Observing Alex

Casually organized thoughts

Identity and trust

February 15, 2019

To a certain extent, we adapt ourselves to conform in our environment, or most of us do. This is how we get people around us and that feels safe. But there’s a balance. How much do we sacrifice of our selves? Or, are we nothing until we have a community? A mirror without anything to reflect. I’d argue instead we’re more like water. Rugged and complex with depth and motion, but impressionable and reflective of that which we surround ourselves.

I have recently concluded that the vast majority of interactions we have don’t matter.

This being said, what makes them not matter has much to do with the lack of closeness we have with most people. It is fun to be around people when there isn’t pressure, when you don’t have important things going on that preoccupy you. In these interactions, you are focused on the present, and once the moment is gone, all you remember is the good feeling.

Of course though there are times that require our serious attention—times that do matter. And in these times we need people who we can trust to be our true selves with. While social conformity is fine for a group to have fun (read: going with the flow). When the times arise, as they always will, where we need to handle a more serious situation, we need to be able to trust in the individuals that we surround ourselves with that we won’t be pushed away for being our “pure” selves.

I think everyone is error-prone, but I am very critical of my own mistakes. Saying something that makes someone else upset or uncomfortable is something I actively fear. I don’t want to cause pain. But of course, I make mistakes. I only have so much information at any given time, and just by human nature I will mess up. And this fallibility I must learn to accept. One of the ways to make this easier is by understanding that most interactions don’t matter. Then, there are the people I love and care about the most.

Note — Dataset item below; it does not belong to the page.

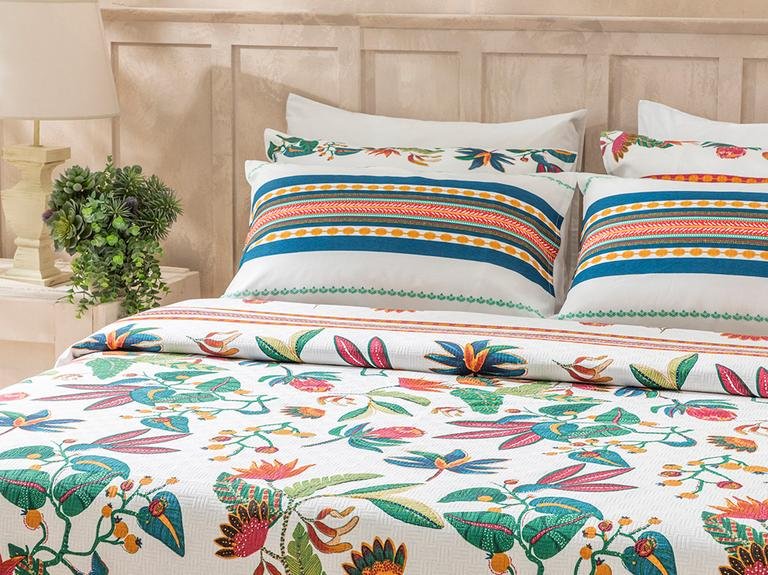 Exotic Garden Printed Single Pique 150x220 см темно-зеленый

Without the people I’m closest to, I would probably drive myself insane. This blog is dedicated to sharing some of my most relatable observations, but like many other people, my mind is virtually always parsing through fleeting thoughts. All of these post originate from thoughts I have, write down, and then extensively discuss with my closest friends. Instead of these thoughts echoing in my own experience, by discussing them with others who I trust to accept me regardless of what I think in the moment, my ideas develop, advance, progress. Being able to trust some people with your pure self is essential to your well-being. This idea isn’t profound at all, but it’s a concept that I haven’t fully conceptualized: true friendship is hard to break.

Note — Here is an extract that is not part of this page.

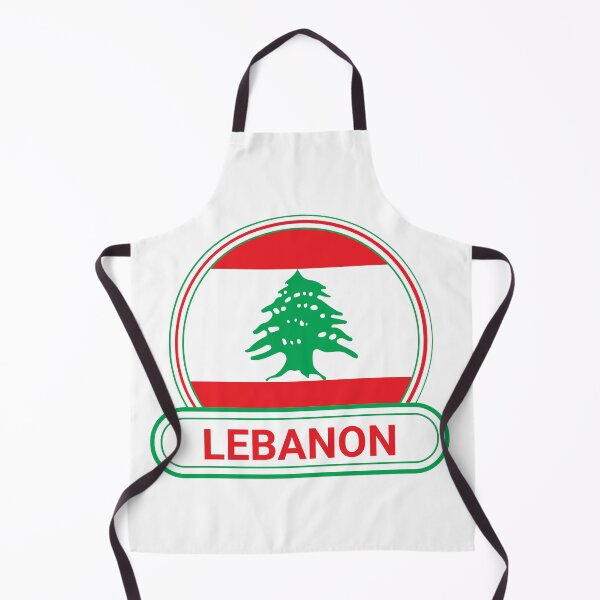 Aperçu de l'œuvre Badge du pays du Liban - Drapeau du Liban créée et vendue par chrisrivait.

If you’re really close with someone, even if your lives go in different directions, there is still a sense of trust. This trust is kind of sacred. The ability to reveal your true self as much as you know yourself and get another perspective—it helps you understand who you are.

While most interactions are entertainment, what is entertainment but training to stay active for the important moments? This time, these interactions are fun, but I am realizing the closest friendship, where you are completely transparent like a body of water, grant you the solace that comes from others being able to describe the complex microcosm of the universe, the vibrant coral reef that exist within the intricacies of your mind, and a better view on how to preserve that system.